Effect of pharmacological and transcriptional inhibition of lysine-specific demethylase 1 (LSD1) on the ‘topography’ of heterochromatin fraction. Immunofluorescent analysis of HP1 alpha and gamma localization (A–E) and CAF1A protein (F,G). The labeling index was calculated as the ratio of immunofluorescence-labeled cells to all cells in an HMEC-1 cell population. Subfigures D and E show exemplary nuclei from the series “not-treated” (nonT) versus “treated” (LSD1 KDs) for respectively: HP1 alpha protein and HP1 gamma, and enroll the most characteristic location of specific foci, labeling heterochromatin regions at the periphery of the interphase nuclei (double red star), which is usually associated with the nuclear lamina, and perinucleolar heterochromatin (single red star). The red arrows indicate the unlabeled region (the so-called “hole”) in the location of the nucleoli.
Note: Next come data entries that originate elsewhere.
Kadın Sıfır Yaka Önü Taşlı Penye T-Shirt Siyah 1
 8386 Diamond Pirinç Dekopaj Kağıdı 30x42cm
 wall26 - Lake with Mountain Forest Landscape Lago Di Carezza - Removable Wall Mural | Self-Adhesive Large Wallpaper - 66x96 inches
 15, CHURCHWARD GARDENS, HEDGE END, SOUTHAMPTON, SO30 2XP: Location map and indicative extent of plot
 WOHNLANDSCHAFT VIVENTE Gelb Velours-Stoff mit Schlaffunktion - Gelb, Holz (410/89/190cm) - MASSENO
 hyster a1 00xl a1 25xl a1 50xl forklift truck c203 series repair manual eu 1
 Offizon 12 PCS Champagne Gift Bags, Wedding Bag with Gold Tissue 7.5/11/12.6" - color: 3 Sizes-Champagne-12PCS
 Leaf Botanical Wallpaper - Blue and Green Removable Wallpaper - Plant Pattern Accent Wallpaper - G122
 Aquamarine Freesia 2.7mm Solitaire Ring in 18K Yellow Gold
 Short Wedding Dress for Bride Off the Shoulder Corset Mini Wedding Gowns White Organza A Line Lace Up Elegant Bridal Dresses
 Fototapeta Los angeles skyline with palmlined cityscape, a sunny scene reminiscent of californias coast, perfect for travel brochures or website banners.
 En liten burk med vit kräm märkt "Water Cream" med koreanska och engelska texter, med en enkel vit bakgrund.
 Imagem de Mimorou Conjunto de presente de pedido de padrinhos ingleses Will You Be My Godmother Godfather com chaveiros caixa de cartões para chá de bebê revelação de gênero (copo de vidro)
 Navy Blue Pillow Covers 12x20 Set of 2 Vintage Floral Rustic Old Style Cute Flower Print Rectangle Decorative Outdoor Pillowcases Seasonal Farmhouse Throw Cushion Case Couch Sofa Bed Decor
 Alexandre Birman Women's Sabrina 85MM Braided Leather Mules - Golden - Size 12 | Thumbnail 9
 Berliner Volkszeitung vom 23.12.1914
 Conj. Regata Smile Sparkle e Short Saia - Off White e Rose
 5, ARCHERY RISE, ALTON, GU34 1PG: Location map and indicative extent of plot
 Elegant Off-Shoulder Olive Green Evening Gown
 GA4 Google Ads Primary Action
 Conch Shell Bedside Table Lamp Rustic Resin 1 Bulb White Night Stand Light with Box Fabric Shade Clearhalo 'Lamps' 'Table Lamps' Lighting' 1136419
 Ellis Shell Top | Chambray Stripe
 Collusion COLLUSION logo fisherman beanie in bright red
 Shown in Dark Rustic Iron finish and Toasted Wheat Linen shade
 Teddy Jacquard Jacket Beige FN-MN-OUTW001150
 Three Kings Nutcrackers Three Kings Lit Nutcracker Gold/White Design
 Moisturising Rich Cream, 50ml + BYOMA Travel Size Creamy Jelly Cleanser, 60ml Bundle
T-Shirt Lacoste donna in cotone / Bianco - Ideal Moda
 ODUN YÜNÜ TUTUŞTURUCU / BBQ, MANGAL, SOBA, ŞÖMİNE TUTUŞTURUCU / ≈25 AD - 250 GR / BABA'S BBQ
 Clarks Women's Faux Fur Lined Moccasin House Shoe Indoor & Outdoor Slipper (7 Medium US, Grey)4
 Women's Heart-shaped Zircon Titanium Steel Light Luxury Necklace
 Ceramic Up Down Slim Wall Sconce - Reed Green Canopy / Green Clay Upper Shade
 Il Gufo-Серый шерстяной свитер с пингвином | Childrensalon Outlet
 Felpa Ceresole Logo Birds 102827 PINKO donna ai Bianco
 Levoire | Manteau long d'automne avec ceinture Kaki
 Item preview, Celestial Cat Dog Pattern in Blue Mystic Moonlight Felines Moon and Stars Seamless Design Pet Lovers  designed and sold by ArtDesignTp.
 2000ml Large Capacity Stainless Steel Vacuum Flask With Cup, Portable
The protein expression of HP1 aplha, HP1 gamma, and CAF1A by Western blotting in cells treated with 100 µM of 2-PCPA (H), and (I) shRNA-transfected HMEC-1. Presented images are representative, and the data are the average of three independent experiments. Scale bars are equal to 10 µm. * p < 0.05, ANOVA and post hoc analysis by Tukey’s test.

Figure 4

The tail moment (TM) of oxidatively damaged DNA in the nonT and LSD1 KDs HMEC-1 evaluated by alkaline and modified comet assay using lesion-specific enzyme endo III (endonuclease III) and FPG (formamidopyrimidine glycosylase) to differentiate DNA double-strand breaks (cells untreated) from oxidized purines (+ endo III) and pirymidines (+ Fpg). (A), (B) All the values are expressed as mean ± SD (the number of cells used per repeat, n = 100). The level of significance was determined at *** p < 0.001 and ** p < 0.01 nonT vs. LSD1 KDs (ANOVA and post hoc analysis by Tukey’s test).

Figure 5

Level of DNA damage markers: H2AXS139ph and ATRIP after shutting down LSD1 activity. (A–D) immunofluorescent localization of the antigens, (E,F) protein level of markers by Western blotting. Presented images are representative, and the data are the average of three independent experiments. The labeling index was calculated as the ratio of immunofluorescence-labeled cells to all cells in an HMEC-1 cell population. Scale bars are equal to 10 µm. * p < 0.05, ANOVA and post hoc analysis by Tukey’s test.

Scheme 1

Effect of pharmacological and transcriptional inhibition of lysine-specific demethylase 1 (LSD1) on induction of the cell cycle and DNA damage response (DDR) pathway in microvascular endothelial cells (HMEC-1).